Slurm Controller Deployment Guide#

The following instructions are for deploying the Slurm Controller.

Prerequisites#

This guide is written for a Red Hat Enterprise Linux 8 based operating system which is operating within a cluster of systems and the following are the prerequisites:

Follow-on Deployments#

The following guides can be applied after the deployment of their associated nodes.

References#

These instructions were written for Slurm 22.05.6.

The official Slurm source code can be downloaded from:
https://www.schedmd.com/downloads.php

Deployment Scripts#

An example bash script of the instructions has been provided: deploy-slurm-controller.sh

The required source files have been provided:
slurm-22.05.6.tar.bz2
SHA1: eb282954911b807b365d35298bddff459eb7383a

The example configuration files have been provided:
cgroup.conf
slurm.conf
slurmdbd.conf

Deployment Steps#

Important

The Red Hat’s CodeReady Linux Builder Repository or AlmaLinux PowerTools/CRB Repository are required for building Slurm. These additional repositories are not needed on the user/compute nodes.

Note

Instructions assume execution using the root account.

  1. Connect the system to the NFS Server:

  1. Connect the system to the IdM Server:

Build Setup#

  1. Enable Red Hat’s CodeReady Linux Builder/AlmaLinux PowerTools/CRB Repository:

For Red Hat Enterprise Linux 8

subscription-manager repos --enable codeready-builder-for-rhel-8-x86_64-rpms
dnf distro-sync

For AlmaLinux 8

dnf config-manager --set-enabled powertools
dnf distro-sync
  1. Install dependencies:

dnf -y install gcc binutils ncurses-devel automake autoconf \
    rpm-devel rpm-build pam-devel readline-devel python3 \
    perl-ExtUtils-MakeMaker mariadb-server mariadb-devel \
    mariadb-connector-odbc openssl-devel pkgconf-pkg-config \
    zlib bzip2 bzip2-devel make hwloc-devel hwloc hwloc-libs \
    hwloc-plugins munge munge-devel munge-libs lua lua-devel \
    lua-json lua-libs lua-posix lua-socket rrdtool-lua \
    lua-filesystem rrdtool rrdtool-devel python3-rrdtool \
    rrdtool-perl mailx lz4 lz4-libs lz4-devel libcurl \
    libcurl-devel infiniband-diags-devel ibacm
  1. Exclude DNF/Yum Slurm packages:

cat >> /etc/dnf/dnf.conf <<EOL

# Exclude slurm Packages
excludepkgs=slurm*

EOL
  1. Create the build directory and go to it:

mkdir -p /root/tmp/
cd /root/tmp/
  1. Upload files:

Note

Any file transfer method can be used.

scp slurm-22.05.6.tar.bz2 root@slurm.engwsc.example.com:/root/tmp/
scp cgroup.conf           root@slurm.engwsc.example.com:/root/tmp/
scp slurm.conf            root@slurm.engwsc.example.com:/root/tmp/
scp slurmdbd.conf         root@slurm.engwsc.example.com:/root/tmp/
  1. Set a database password for Slurm Accounting:

Important

Replace MARIADB_SLURM_USER_PASSWD with a confidential secure password that will be used for the Slurm Accouting Database.
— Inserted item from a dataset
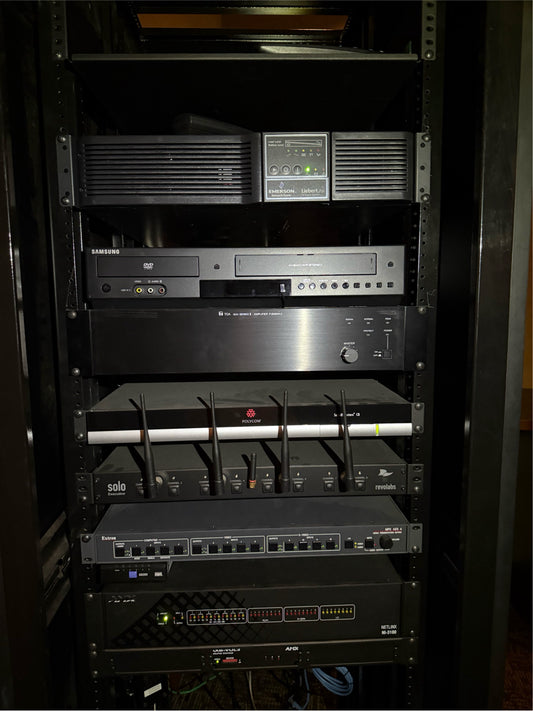 AV rack misc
sed -i 's/StoragePass=.*/StoragePass=MARIADB_SLURM_USER_PASSWD/g' /root/tmp/slurmdbd.conf
  1. Set a ClusterName, SlurmctldHost, and AccountingStorageHost:

Important

Replace engwsc.example.com with the domain name of your network.

sed -i 's/ClusterName=.*/ClusterName=engwsc/g' /root/tmp/slurm.conf
sed -i 's/SlurmctldHost=.*/SlurmctldHost=slurm/g' /root/tmp/slurm.conf
sed -i 's/AccountingStorageHost=.*/AccountingStorageHost=slurm.engwsc.example.com/g' /root/tmp/slurm.conf
  1. Modify /root/tmp/slurm.conf with the configuration of the cluster:

Important

The following is just an example configuration. Replace with the configuration of your cluster.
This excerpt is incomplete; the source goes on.